I had a conversation today with my mom about men. A friend of mine also asked me a question the other day that provoked this post. I’ve actually been meaning to write about it, but I haven’t quite figured out everything I’ve wanted to say. Even after I write it I’ll read it later and think of 50 other things I should have said, or something I shouldn’t have. Basically, I came to the conclusion that no man is ‘perfect’ (which I’ve already known). But it’s whether or not the imperfections are worth loving too.
So, because I’ve watched so many chick flicks in my days I’ve developed a false sense of what a real life love was- or so I thought. Now, one thing you need to know about me is when I love… I love hard. I’ve been in like, I’ve been in lust, I’ve been in infatuation, and I’ve been in love. ‘Like’ is fun, ‘lust’ is sexy, ‘infatuation’ is dangerous, and love…well love is somethin’ else. Love are all of those things combined, maybe not all at the same time but they all exist. Love is the little things.
I’ve known plenty of relationships that had love, but that was all they had. But is love really ever enough? I can love the shit out of some pizza but there’s no way I could have it for the rest of my life. Peanut butter m&ms, maybe. But that’s the question in life. Do you stay in love because it’s what you know? Or do you stay in love because you grow? I didn’t have the best role models in love growing up. My father wasn’t the type to constantly tell my mom he loves her, randomly buy her flowers, or do the little things she loves in life.
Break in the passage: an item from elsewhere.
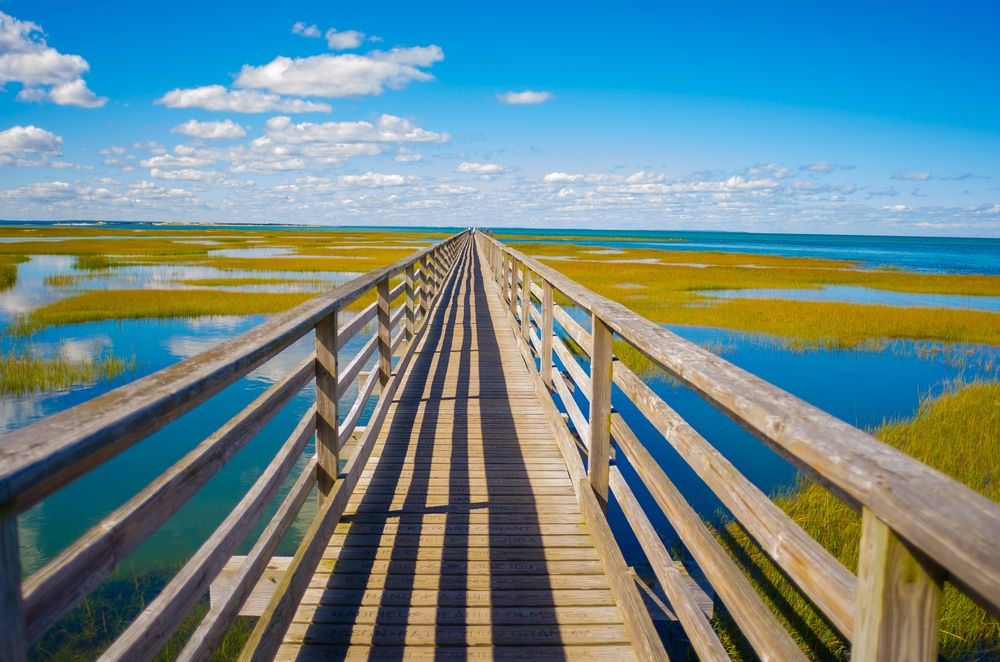 Boardwalk at Gray's Beach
Some could say that I should have known then that the guys who sing those sappy songs aren’t real. And the guys who play those dream men on TV don’t really exist. But I refuse to believe that. Growing up and seeing the way my mom was treated, made me want a different kind of man. A kind of man that is gentle and soft, fun and outgoing, sweet and caring. And no, he doesn’t have to be that way in front of all his manly friends. I’m unrealistic, but not crazy. But, behind closed doors a man should always, in one way or another, be showing some sort of affection to his woman. Just as a woman should.
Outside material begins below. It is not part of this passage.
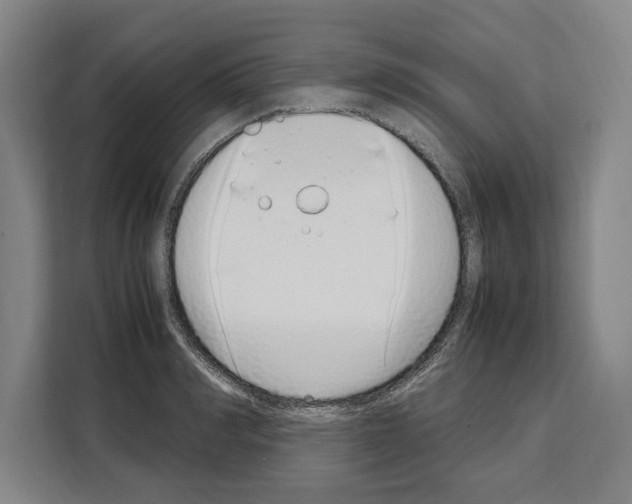X0000108480990200905151219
I refuse to believe that when a man loves a woman, I mean really loves a woman they will not go out of their way for the little things. As a woman, I think of the little things. The little things that make a man happy. I actually pride myself on that specific part of me. I’m a lot better at little things than big things. I see men like the men in movies; they may not exist at all times, they’re not always perfect. But that’s okay. It’s the little things, here and there, that speak words. Actions have, and will, always speak louder than words. If a man isn’t doing the little things for a woman, she just simply isn’t the right one for him. I believe, with everything I have, if you are not going to treat a woman the way she deserves to be treated then it’s because she’s not the woman you want. Find any other excuse in the book to justify it, but that’s the truth. It goes for women too. If I don’t give my all to you, it’s because I don’t want to. Not because I can’t. The phrase “I can’t be the ____ you want” isn’t relevant. Because you can be anything you want to be, if you want to be. Does that make sense?
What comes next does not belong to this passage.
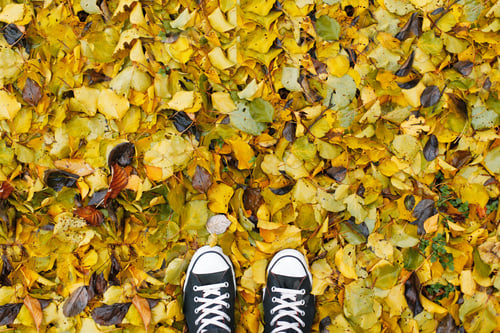 Preview: Autumn season in hipster style shoes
Anyway, back to what I actually wanted to say.. Prince Charmings. They DO exist. They’re not men in shiny armor, a man who kisses you awake, or a man that gives you a rose. They’re a man that learns what makes you happy, and does it. Not daily, but just often enough to make you know they care. A kiss on the forehead while the sun goes down, for example. Or sending songs to each other that makes you think of them. Or being there for you to complain to at the end of a long day; not because you want them to fix it but because they know you need to vent to get over it. Whether it’s been 2 months with a person, or 3 years never let go of doing the little things. You don’t need to go “all out” for every anniversary, it’s one day a year that you already know. Go “all out” when she least expects it. And by “all out” I don’t mean spend hundreds of dollars by taking her out to fancy restaurants….honestly, that shit sucks. Instead, plan a movie night in, share some popcorn, talk about stupid random crap, and dance around in your living room with her. That’s a night she’ll remember. Not the name of some crappy restaurant where the food wasn’t even good.
So all I’m really trying to say is…don’t settle. If he’s not your Romeo, it’s probably because you’re not his Juliet. I’m not saying give up on your relationship, because anything worth having is definitely worth fighting for. Actually, you should continuously keep fighting for your relationship. Don’t quit the little things once you have that “man” or “woman” in your arms. You should always put in the effort you put in on the first date on your 223rd date, that doesn’t even really count as a date as much as it does getting some quiet time at 3am before the crying baby wakes up. But hey, that’s my 2 cents, not that you asked or anything.